--- The data ---

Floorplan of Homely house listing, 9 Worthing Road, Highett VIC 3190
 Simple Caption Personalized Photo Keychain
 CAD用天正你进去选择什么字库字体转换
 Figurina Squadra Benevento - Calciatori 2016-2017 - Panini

---

Your instructions:
Those lines from the one with "Simple Caption Personalized Photo Keychain" through the last line of the material above are to be retyped exactly, with nothing else.

Task result:
 Simple Caption Personalized Photo Keychain
 CAD用天正你进去选择什么字库字体转换
 Figurina Squadra Benevento - Calciatori 2016-2017 - Panini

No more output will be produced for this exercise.